[Source data — start]

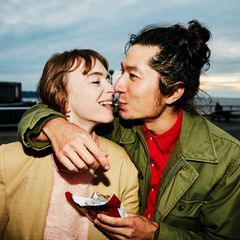 Gefühle: Ein Paar teilt sich Schokolade. Er umarmt sie dabei.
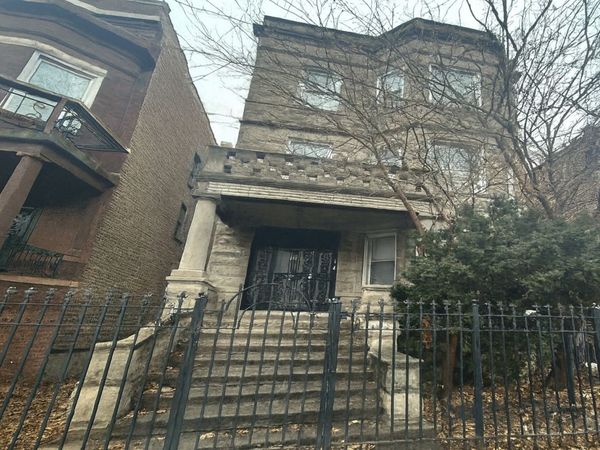 3944 W Gladys Avenue, Chicago, IL 60624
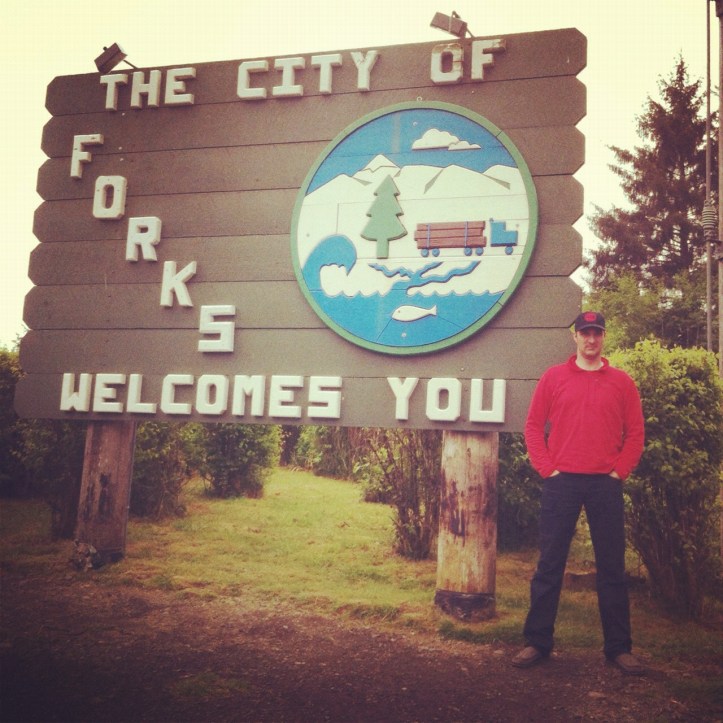 Forks Washington sign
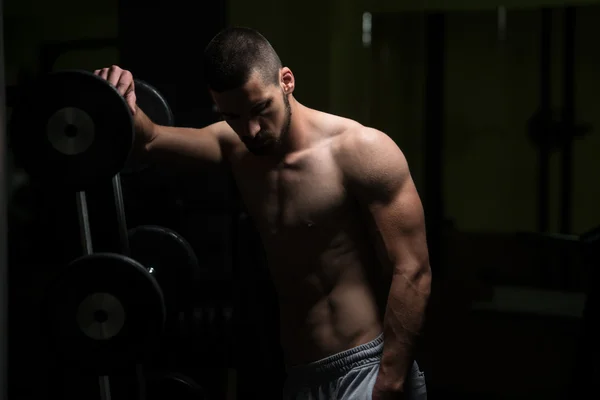 Retrato de um jovem musculoso fisicamente apto — Fotografia de Stock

[Source data — finish]

Action item
From the material above, reproduce everything verbatim except the pictures.

Task response
 Gefühle: Ein Paar teilt sich Schokolade. Er umarmt sie dabei.
 3944 W Gladys Avenue, Chicago, IL 60624
 Forks Washington sign
 Retrato de um jovem musculoso fisicamente apto — Fotografia de Stock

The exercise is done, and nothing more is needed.